The usual outcome of sexual activity among American unmarried youth is unwanted pregnancy.  We in the U.S.A. have the highest—I repeat—THE HIGHEST teen pregnancy, birth, and abortion rates of all of the technologically advanced countries.   There are 21 countries with lower teen pregnancy rates!  Three to four of 10 teen girls become pregnant at least once before 20 years of age!  For a woman to delay pregnancy until her twenties (and marriage) provides many health, educational, financial, and social benefits (National Campaign to Prevent Teen Pregnancy, 2002).  Additionally, we have one of the highest sexually transmitted infection rates (see above).  All of this is for the same reason.  When compared to Europe, the good-old U.S. of A. is a rather sexually repressive country, which then suffers from “the minister’s daughter syndrome.”  When forcefully repressed, sexuality strives for expression even more strongly and often without regulation.

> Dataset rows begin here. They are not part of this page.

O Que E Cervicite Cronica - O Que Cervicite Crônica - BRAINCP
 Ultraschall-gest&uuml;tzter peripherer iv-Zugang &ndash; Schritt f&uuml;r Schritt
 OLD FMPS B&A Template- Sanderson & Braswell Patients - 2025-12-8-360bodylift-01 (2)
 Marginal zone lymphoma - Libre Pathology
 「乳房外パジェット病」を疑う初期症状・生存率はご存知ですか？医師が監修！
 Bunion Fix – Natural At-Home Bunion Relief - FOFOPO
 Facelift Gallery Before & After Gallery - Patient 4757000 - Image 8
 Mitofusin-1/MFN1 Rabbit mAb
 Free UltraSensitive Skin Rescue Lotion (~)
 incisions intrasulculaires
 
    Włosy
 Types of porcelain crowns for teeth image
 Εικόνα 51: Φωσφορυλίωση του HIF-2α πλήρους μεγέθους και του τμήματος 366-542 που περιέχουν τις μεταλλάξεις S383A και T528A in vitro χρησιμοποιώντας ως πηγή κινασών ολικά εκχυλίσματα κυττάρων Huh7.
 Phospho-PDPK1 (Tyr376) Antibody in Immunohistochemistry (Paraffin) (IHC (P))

Providing a comprehensive sexuality education beginning at the earliest grades with age appropriate information, which continues through the high school years, results in a significant delay of first sexual intercourse until the later teen years.  Knowing—theoretically, at least—what sexuality is all about results more often in a decision to wait.  Sexual knowledge (not practice) results in choices for sexual abstinence and/or more responsible sexual decision making.  In fact, education of any type seems to be instrumental in the delay of first coitus until one is older.  Graduate school oriented students seem to avoid pre-marital sexual relationships while they pursue their academic career goals more than do high school dropouts or graduates.  Indeed, according to McCammon, Knox and Schacht (2004) “Some individuals practice abstinence in order to better focus their energy on personal, academic, or professional development without the distractions of sexual involvement.”

For the libidinal energy that needs discharge, Joycelyn Elders, Surgeon General during the Clinton administration, controversially advocated  autoeroticism,  “outercourse,” or V.E.N.I.S. (Non-Insertive Very Exciting Sex).  This activity was much safer than ordinary coitus or other ‘insertive” sexual activities

Finally, another reason to exercise good judgment in deciding about partnered sexual involvement is that there can be no sexual interaction with a partner without a subsequent emotional bonding.  Oxytocin secreted during sexual arousal and orgasm provides for a psychological fusing or bonding between partners.  There really is no “casual sex.”  Without commitments, the pain of broken hearts, the feelings of being exploited and guilt over having exploited are things to be regretted and avoided.

I advocate academic knowledge, not Biblical “knowledge” regarding human sexuality.